Quick simulation of peaks in CMDS



In [14]:

    
import numpy as np
import matplotlib.pyplot as plt
import matplotlib
%matplotlib inline
matplotlib.rcParams['figure.figsize'] = (10,10)

Generate a "spectrum" of just the detuning



In [15]:

    
wag = 20000
wbg = 25000
gag = 500
gbg = 5000

points = 500
w1 = np.linspace(15000,30000,points)
w2 = np.linspace(15000,30000,points)

def peak(w1,w2):
    a_diagonal = 1.0/(gag*gag*(w1-wag)*(w1-wag)*gag*gag*(w2-wag)*(w2-wag))
    b_diagonal = 1.0/(gbg*gbg*(w1-wbg)*(w1-wbg)*gbg*gbg*(w2-wbg)*(w2-wbg))
    cross = 1.0/(gag*gag*(w1-wag)*(w1-wag)*gbg*gbg*(w2-wbg)*(w2-wbg))
    return a_diagonal + b_diagonal + cross

zvals = np.empty([points,points])
for i,color1 in enumerate(w1):
    for j,color2 in enumerate(w2):
        zvals[i][j]=peak(color1,color2)
# Take the log to see trends over orders of magnitude
zvals = np.log(zvals)

Plot it



In [18]:

    
levels = np.linspace(np.min(zvals),np.max(zvals),200)
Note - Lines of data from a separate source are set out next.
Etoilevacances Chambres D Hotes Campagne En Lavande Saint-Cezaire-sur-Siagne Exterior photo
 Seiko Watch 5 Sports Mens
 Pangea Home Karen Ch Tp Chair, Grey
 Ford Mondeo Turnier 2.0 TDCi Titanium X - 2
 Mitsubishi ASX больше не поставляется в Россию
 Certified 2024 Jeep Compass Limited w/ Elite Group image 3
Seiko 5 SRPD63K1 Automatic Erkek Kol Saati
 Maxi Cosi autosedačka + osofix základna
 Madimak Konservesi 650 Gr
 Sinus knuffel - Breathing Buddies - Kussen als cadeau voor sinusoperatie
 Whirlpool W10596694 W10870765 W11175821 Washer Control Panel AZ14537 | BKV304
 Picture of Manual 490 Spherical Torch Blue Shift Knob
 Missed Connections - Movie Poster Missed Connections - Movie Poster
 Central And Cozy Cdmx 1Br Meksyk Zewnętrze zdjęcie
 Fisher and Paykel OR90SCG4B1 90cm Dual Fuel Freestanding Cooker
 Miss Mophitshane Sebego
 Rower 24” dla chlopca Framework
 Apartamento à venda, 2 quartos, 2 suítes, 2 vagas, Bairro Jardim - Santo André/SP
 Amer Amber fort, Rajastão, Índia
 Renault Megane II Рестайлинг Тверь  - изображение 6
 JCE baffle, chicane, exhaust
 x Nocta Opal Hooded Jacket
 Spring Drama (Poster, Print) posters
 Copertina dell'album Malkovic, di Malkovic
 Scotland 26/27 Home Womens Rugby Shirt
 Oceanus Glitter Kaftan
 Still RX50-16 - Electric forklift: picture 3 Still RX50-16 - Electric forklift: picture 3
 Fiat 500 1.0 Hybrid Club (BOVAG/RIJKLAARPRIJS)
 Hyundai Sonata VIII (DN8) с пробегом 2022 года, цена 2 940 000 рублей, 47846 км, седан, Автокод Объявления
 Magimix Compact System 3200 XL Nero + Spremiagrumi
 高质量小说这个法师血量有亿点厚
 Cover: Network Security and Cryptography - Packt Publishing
plt.contourf(w1,w2,zvals,levels=levels)
plt.contour(w1,w2,zvals,8,colors='K')
plt.xlabel("w1 (cm^-1)")
plt.ylabel("w2 (cm^-1)")
plt.show()

Now plot slices - diagonal is blue, horizontal at 20000 is green



In [19]:

    
diagonal = np.empty(points)
for i in range(points):
    diagonal[i] = zvals[i][i]
    
horizontal = zvals[len(zvals)/3]

plt.plot(w1,diagonal, color='b')
plt.plot(w1,horizontal, color='g')
plt.xlabel("w1 or w1=w2 (cm^-1)")
plt.ylabel("Log of Detuning")
plt.show()



In [ ]: